> [EXERCISE REQUIREMENTS] With the exception of the pictures, transcribe the entire listing exactly.

> [SUPPLIED MATERIAL]
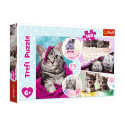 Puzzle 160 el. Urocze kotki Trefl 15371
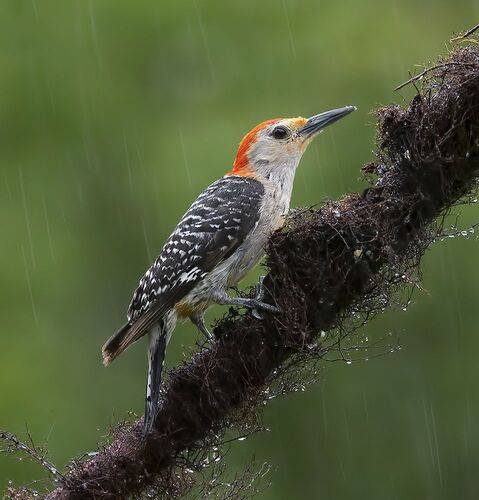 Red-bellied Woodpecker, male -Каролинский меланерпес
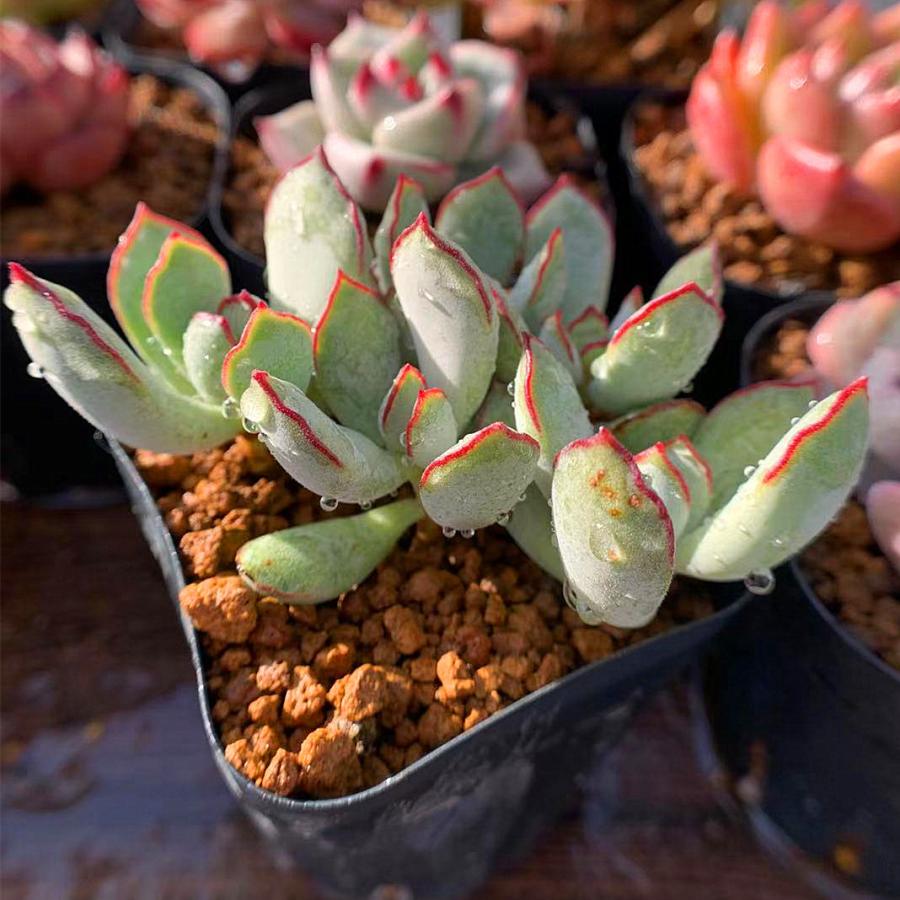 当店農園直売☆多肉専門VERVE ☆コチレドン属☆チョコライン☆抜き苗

> [RESULT FOR THIS TASK]
 Puzzle 160 el. Urocze kotki Trefl 15371
 Red-bellied Woodpecker, male -Каролинский меланерпес
 当店農園直売☆多肉専門VERVE ☆コチレドン属☆チョコライン☆抜き苗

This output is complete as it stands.